Português: Caracterização de Maria das Mercês

domingo, 20 de novembro de 2022

Caracterização de Maria das Mercês


             Maria das Mercês preenche o papel da mulher na ideologia dominante dos anos 60 do século XX em Portugal, simbolizado pela povoação da Gafeira (metonímia).
            Segundo a doutrina de Salazar, a vida em sociedade deveria assentar em três princípios: Deus, Pátria e Família, os quais se deveriam aplicar tanto a homens como a mulheres. No entanto, no primeiro caso, bastava que mantivessem a fachada no que respeitava a Deus e à Família, visto que da defesa da Pátria não podiam eximir-se, no contexto da guerra colonial. Assim sendo, o peso das instituições recaía todo sobre as mulheres e tudo era feito para que elas se mantivessem afastadas do pecado, ou seja, da sua sexualidade, e presas à procriação, porque elas eram o esteio da Família e, como havia guerra em África, deveriam apoiar incondicionalmente os homens, sendo boa mãe, boa esposa, boa irmã, boa filha, etc.
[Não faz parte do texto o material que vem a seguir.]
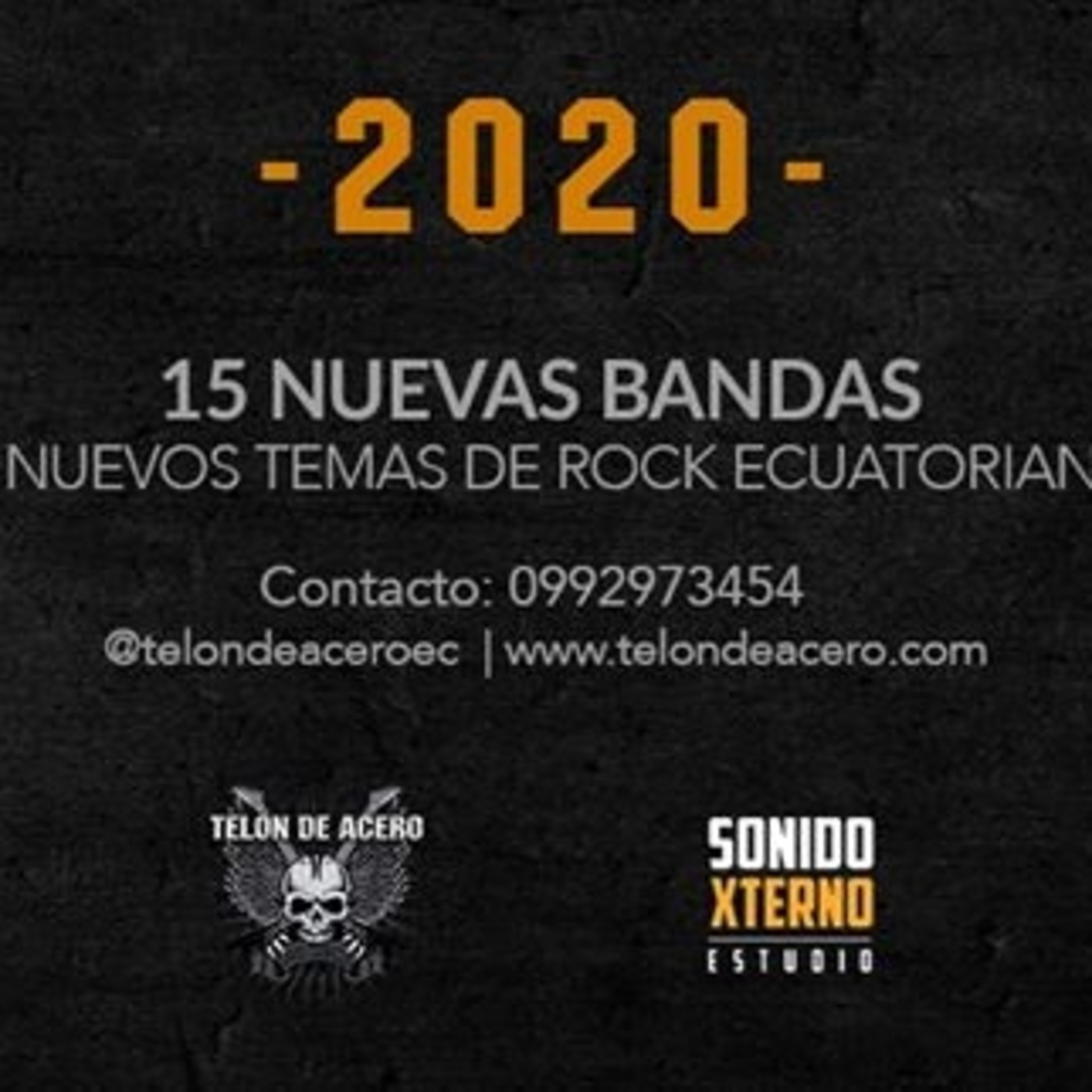 Memoria Rock Ec: La historia reciente del Rock EC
Maria das Dores é a burguesa alienada, produto da ideologia do estado Novo, conforme se pode comprovar através do seguinte quadro:
 

Deus

Pátria

Família

a Igreja

a retaguarda amável

7 anos de casamento

o colégio de freiras

o serviço da esposa

A infertilidade só poderia ser feminina (vide Memorial do Convento)

as dádivas aos pobres

o sorriso à chegada

a obediência ao marido

a ceia de Natal com os trabalhadores

 

o ensino do criado

 
            O marido ausenta-se e deixa-a sozinha, entregue a si própria: “… dias sem fim a fazer tricot, a odiar os cães… fumando, cozendo bolos…”, “Sete anos de esposa, a passear de cá para lá”. A libertação da sua sensibilidade contida ocorre através de pequenos prazeres secretos como os passeios a cavalo e a masturbação.
            Neste contexto, Maria das Mercês aparece como inabitável, infecundo, incapaz de dar um filho ao casal. É a voz do povo que se faz ouvir: a mulher podia arcar com a exclusividade destas culpas, ao contrário do homem, que ficaria socialmente diminuído se tal lhe acontecesse.
            Chega um momento em que ela não pode suportar mais a situação incongruente, pelo que alguma coisa terá de mudar. O mesmo teria de suceder à sociedade portuguesa da época, que vivia à margem do mundo, pelo que a mudança seria necessária, o que veio a concretizar-se com o 25 de abril de 1974, acontecimento que teria grandes repercussões na evolução do papel social da mulher.
            Por último, a vida de Maria das Mercês ficará marcada pelo «crime perfeito», como dizia o marido sempre que se referia ao caso da Dama das Unhas de Prata, que provocara a morte «post coitum», visto que ela causa o falecimento de Domingos ao relacionar-se com ele sexualmente, já que este tinha “coração de passarinho”. O que a terá levado a agir assim? O ciúme? A raiva de ser preterida? O desejo de vingança? O despertar da sua sexualidade? Se, posteriormente, se suicidou, teve um acidente durante a fuga ou foi assassinada pelo marido, ninguém o sabe.